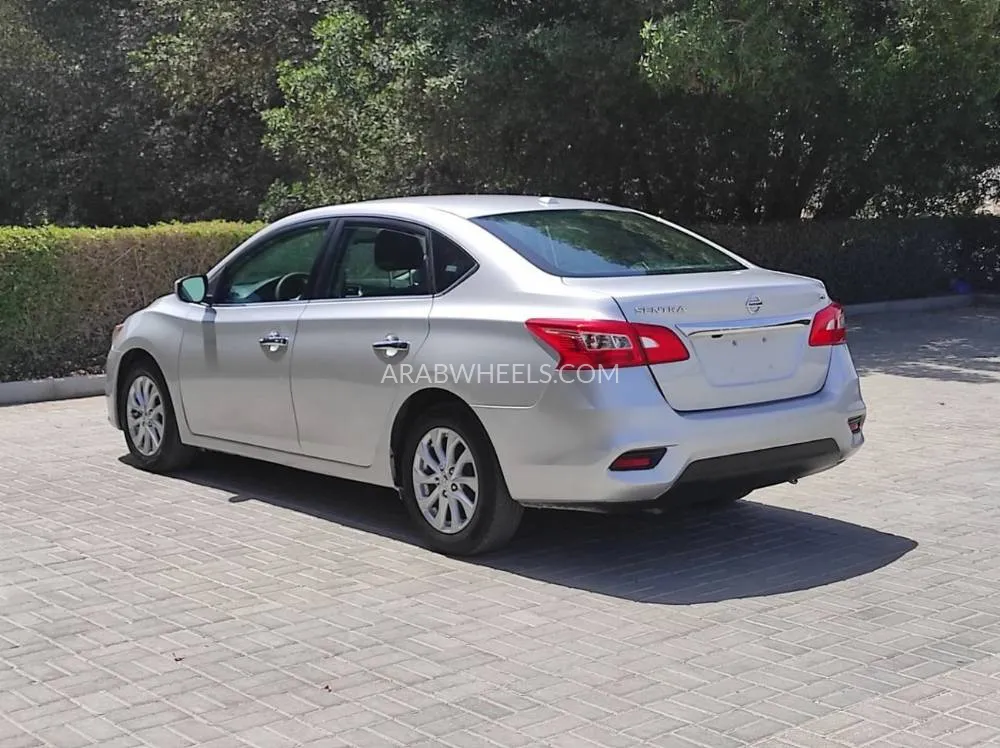 Nissan Sentra 2019 for Sale in Sharjah Image-21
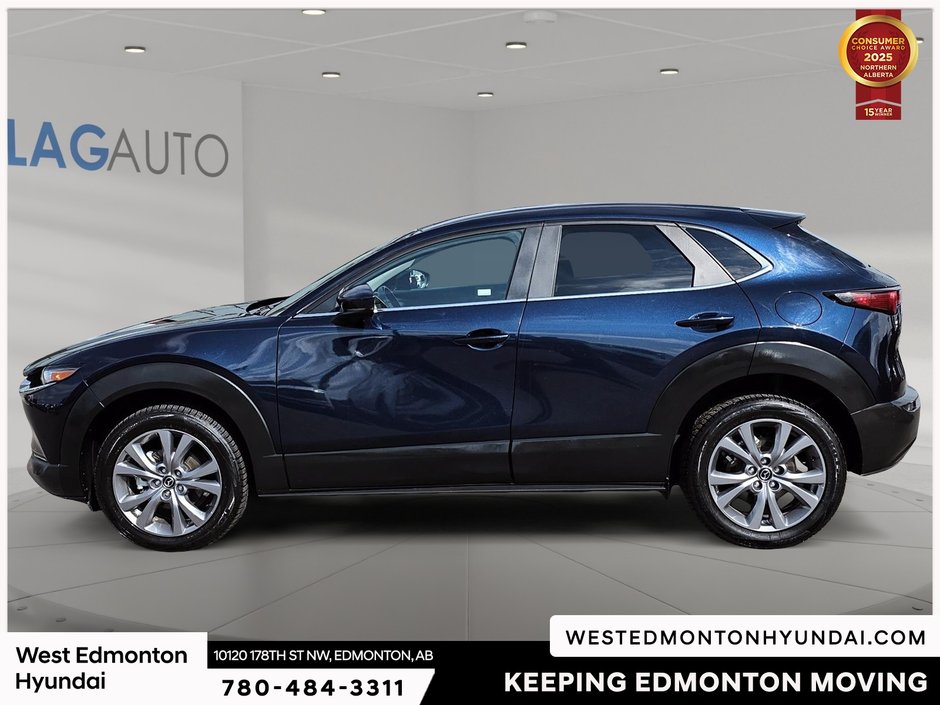 2024 Mazda CX-30 GS-3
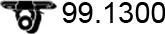 ASSO 99.1300 - Кронштейн, втулка, система выпуска ОГ abcparts.ee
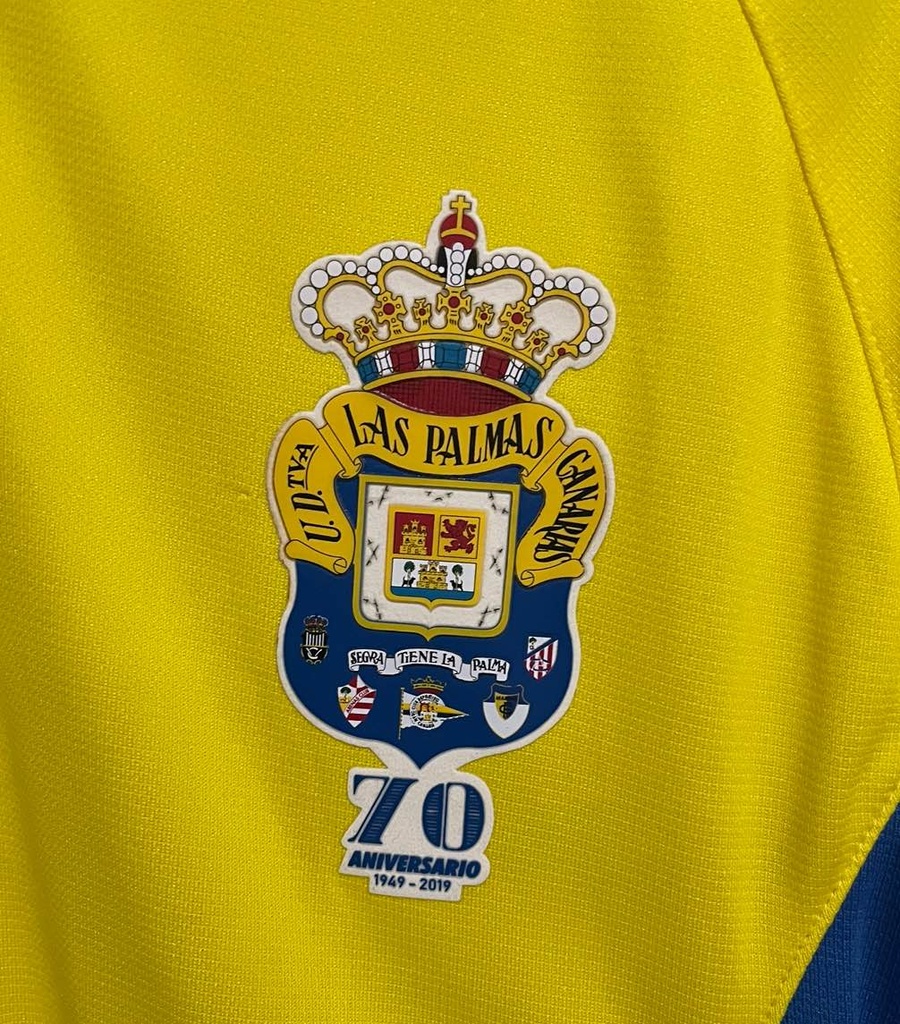28 - Unión Deportiva Las Palmas - PEDRI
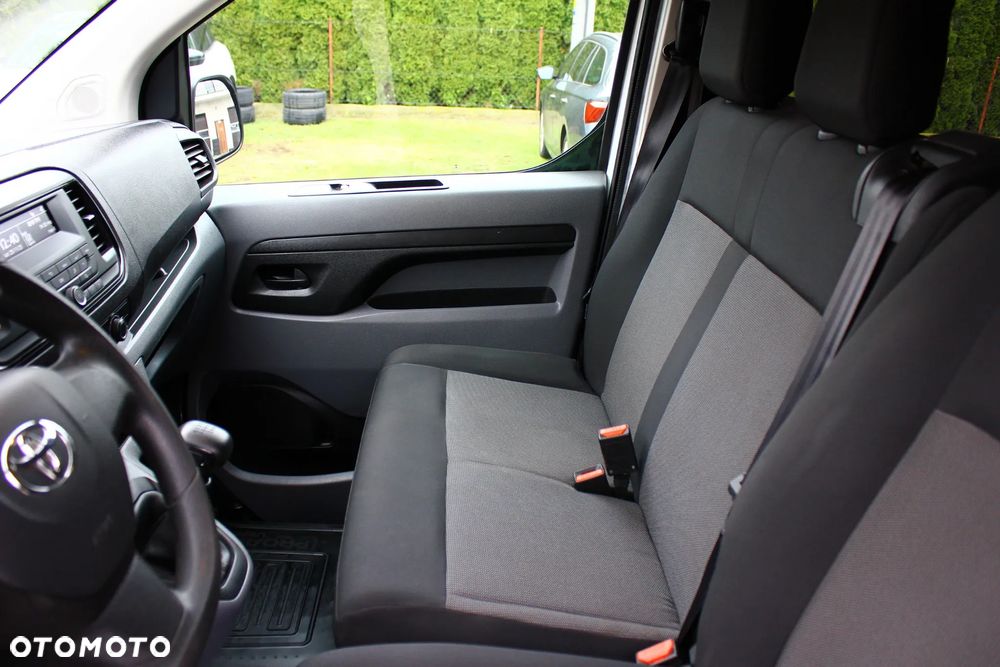 Toyota ProAce D-4D Long 3,0t Mobilny Life - 24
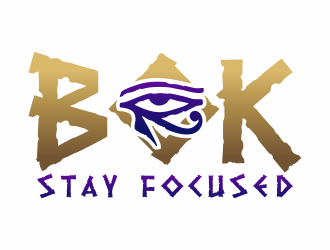 BOK logo design by Realistis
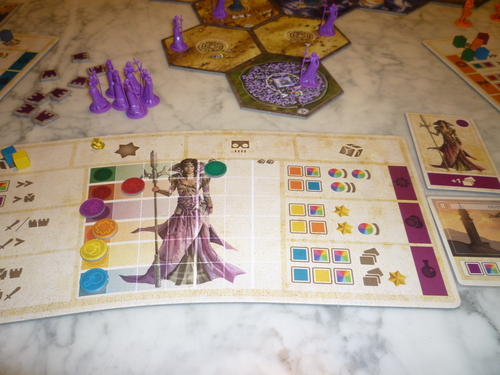 Monopolis Hyperborea Base Tabletop, Board and Card Game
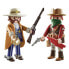 Фото #1 товара PLAYMOBIL Bandit And Sheriff Construction Game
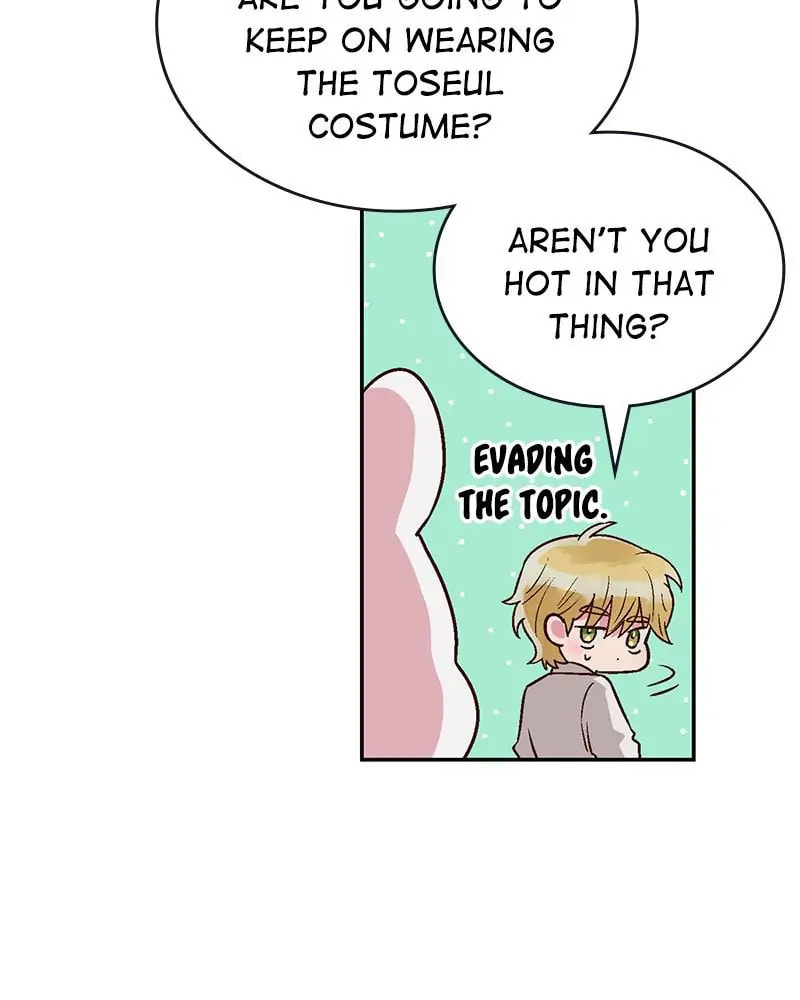 The Makeup Remover Chapter 94 page 28 - 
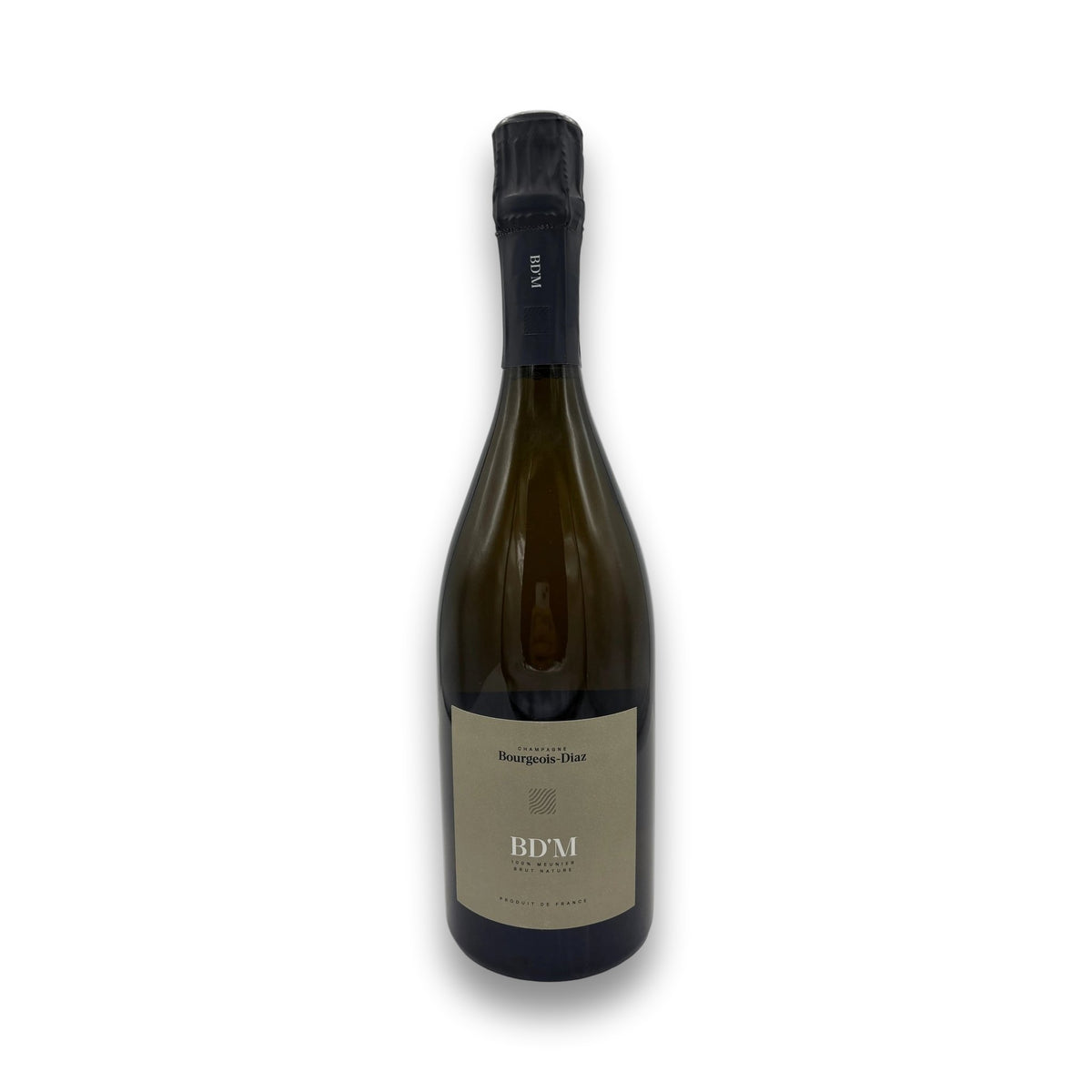 Champagne Bourgeois Diaz Cuvve M Champagne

═══

Write the listing again exactly, duplicating every line and skipping the pictures.

→ Task output
 Nissan Sentra 2019 for Sale in Sharjah Image-21
 2024 Mazda CX-30 GS-3
 ASSO 99.1300 - Кронштейн, втулка, система выпуска ОГ abcparts.ee
28 - Unión Deportiva Las Palmas - PEDRI
 Toyota ProAce D-4D Long 3,0t Mobilny Life - 24
 BOK logo design by Realistis
 Monopolis Hyperborea Base Tabletop, Board and Card Game
 Фото #1 товара PLAYMOBIL Bandit And Sheriff Construction Game
 The Makeup Remover Chapter 94 page 28 - 
 Champagne Bourgeois Diaz Cuvve M Champagne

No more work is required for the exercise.